EXERCISE:
Return the lines of the listing below exactly as they appear, beginning at the one with "Karabağlar’da Uzayla Buluşan" and stopping after the one with "LV Chest bag, Men's"; do not include pictures.

ENTRIES SHOWN:
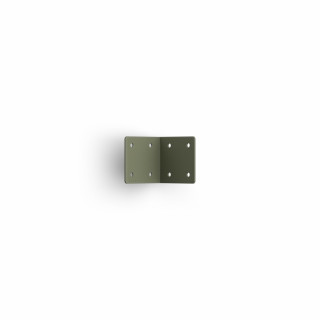 Sleeper Angle Bracket Olive 85 x 85 x 80 x 2.5mm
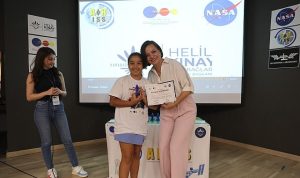 Karabağlar’da Uzayla Buluşan Çocuklara Sertifika Töreni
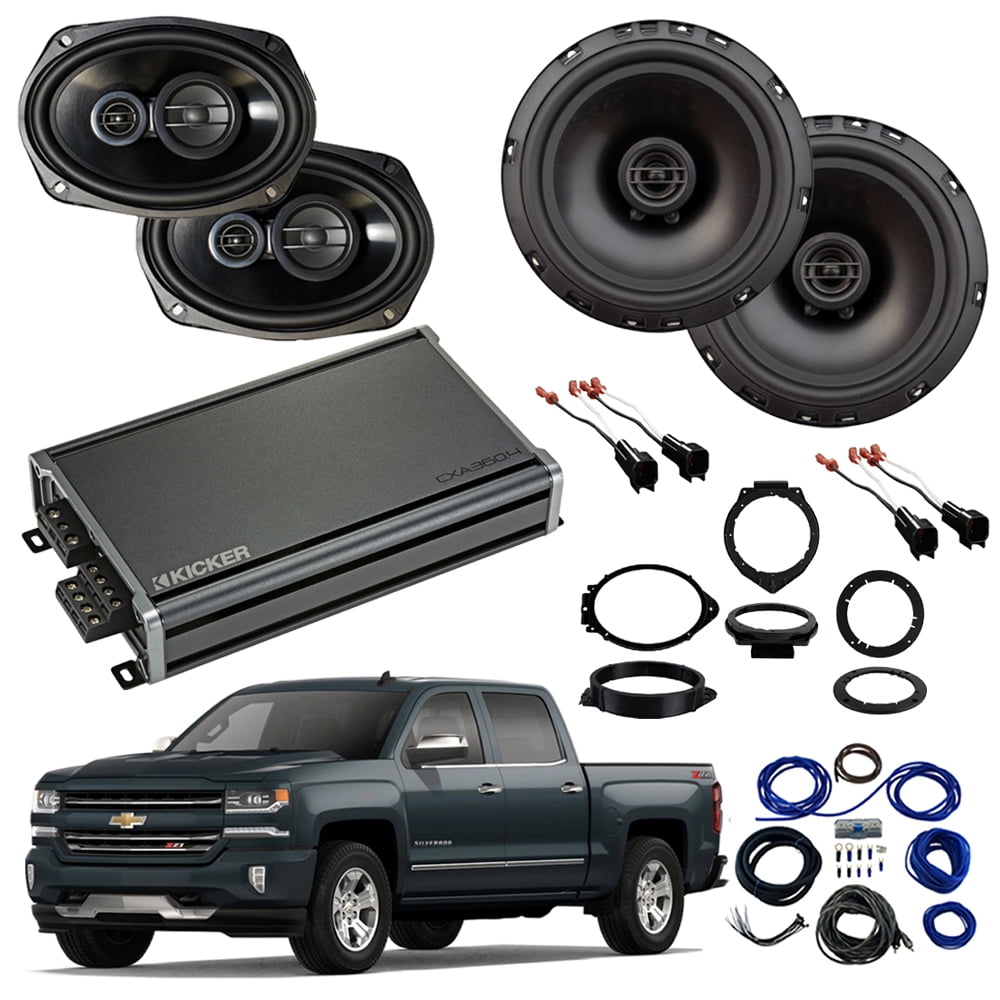 Speakers for 2017 chevy silverado Outlet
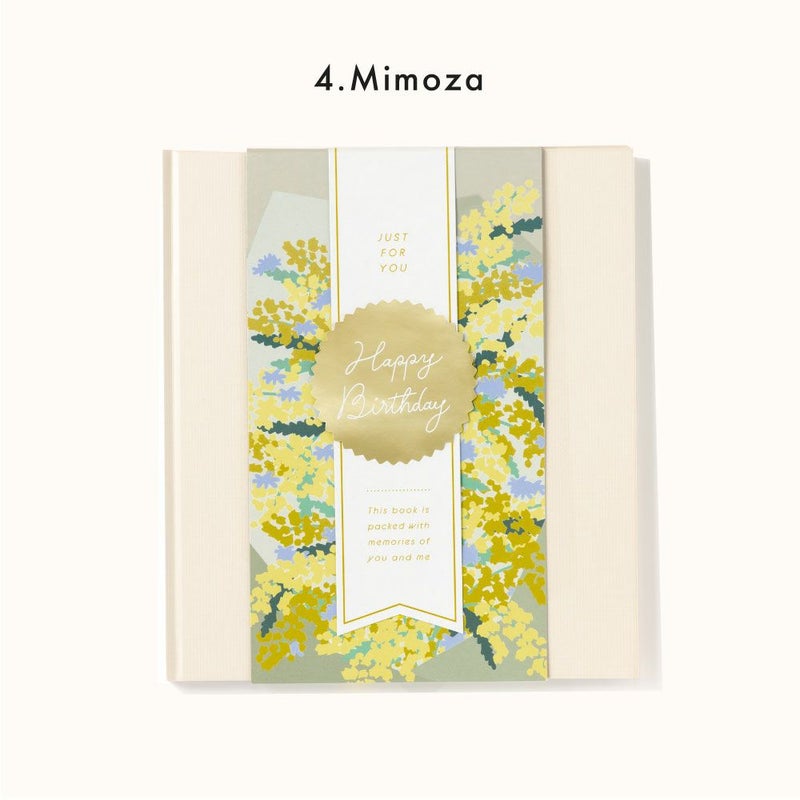 ｷﾞﾌﾄﾗｯﾋﾟﾝｸﾞｱﾙﾊﾞﾑL_GWAL-09～12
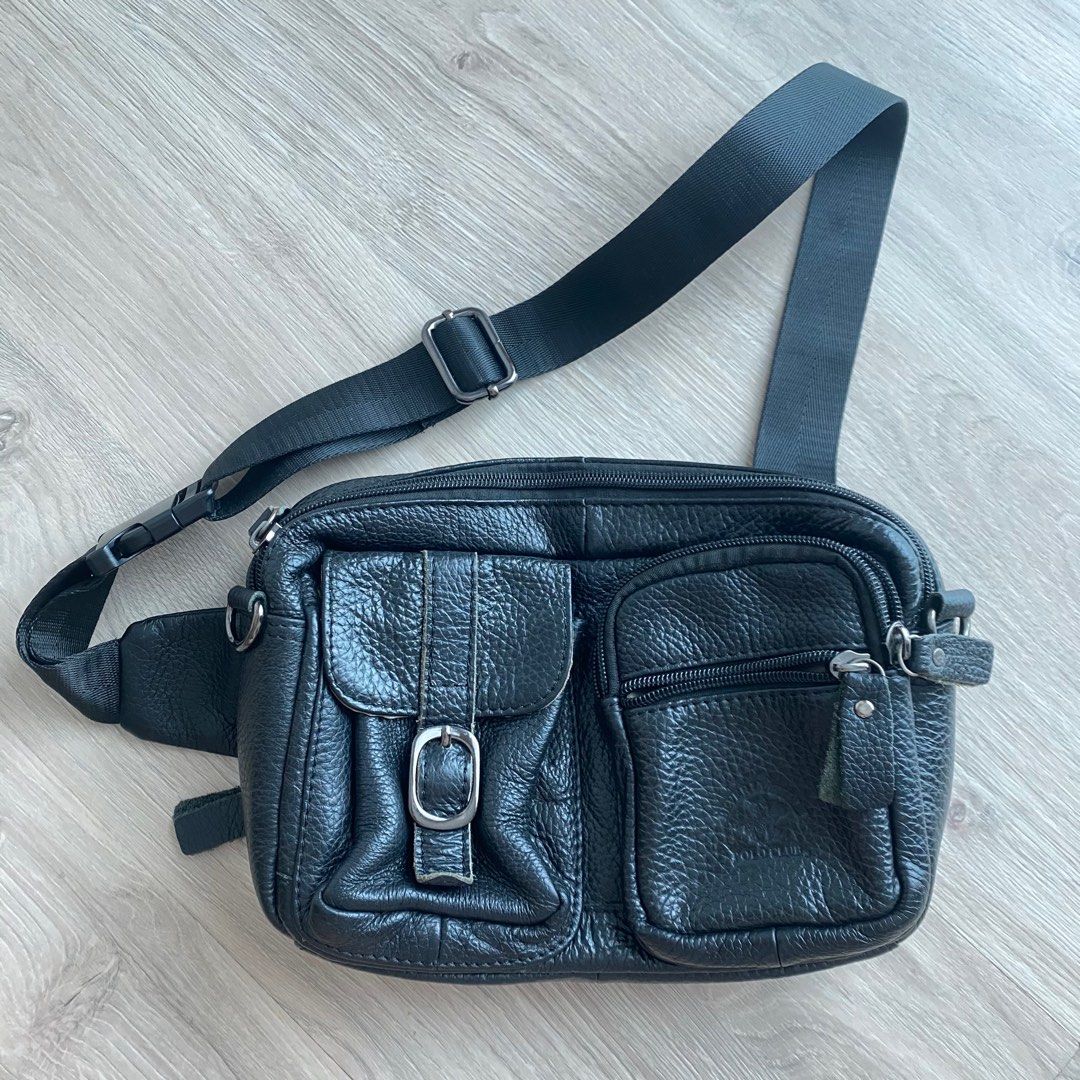 LV Chest bag, Men's Fashion, Bags, Sling Bags on Carousell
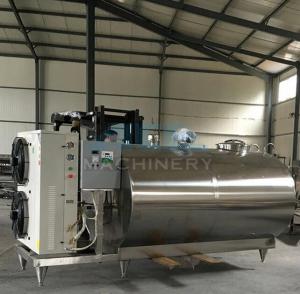 Quality Professional Small Scale Milk Processing Machine Equipment For Sale Stainless Steel Milk Cooling Tank/Milk Cooling Tank for sale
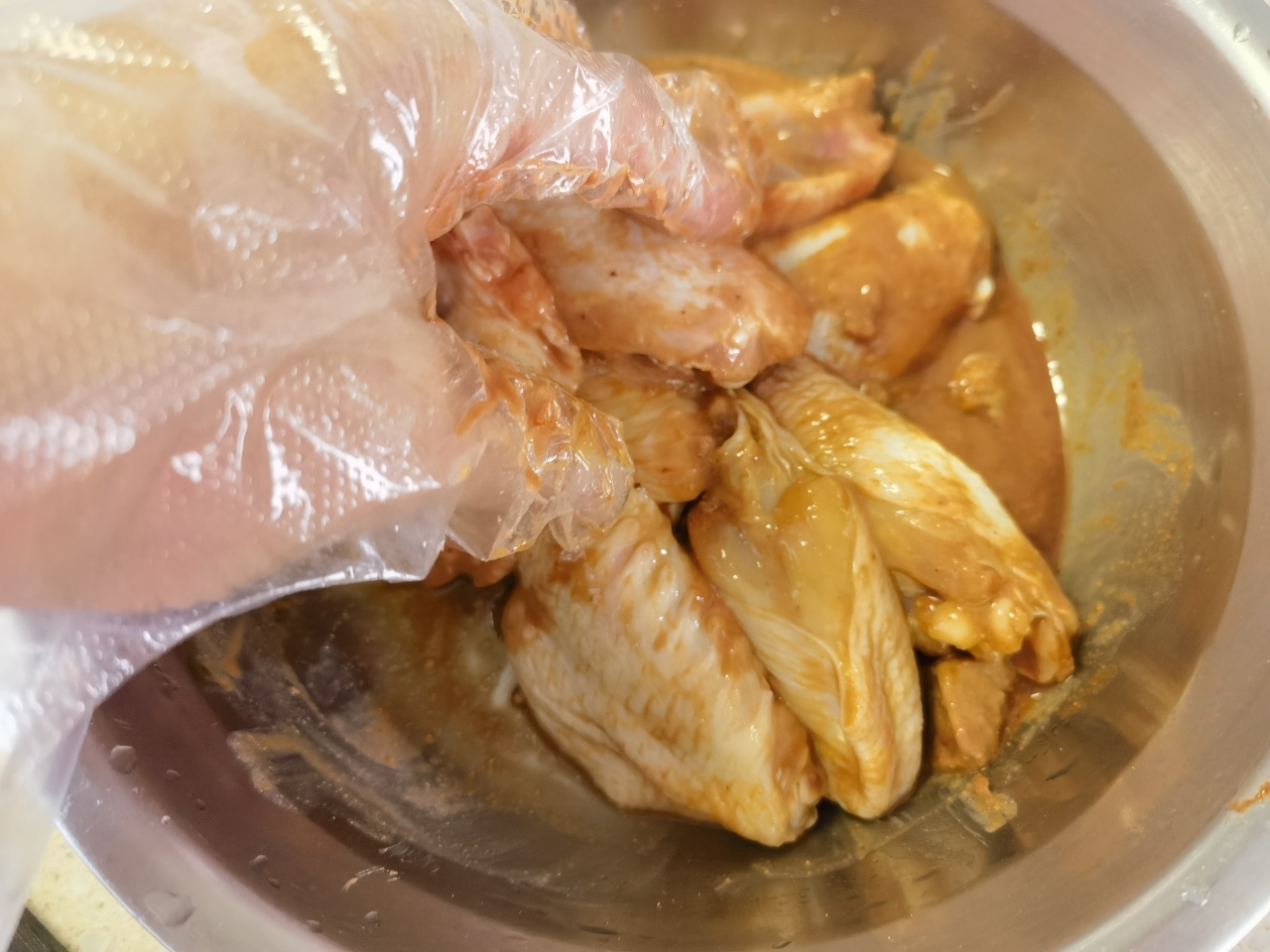 南乳鸡翅（空气炸锅）的做法 步骤4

PROBLEM SOLUTION:
 Karabağlar’da Uzayla Buluşan Çocuklara Sertifika Töreni
 Speakers for 2017 chevy silverado Outlet
 ｷﾞﾌﾄﾗｯﾋﾟﾝｸﾞｱﾙﾊﾞﾑL_GWAL-09～12
 LV Chest bag, Men's Fashion, Bags, Sling Bags on Carousell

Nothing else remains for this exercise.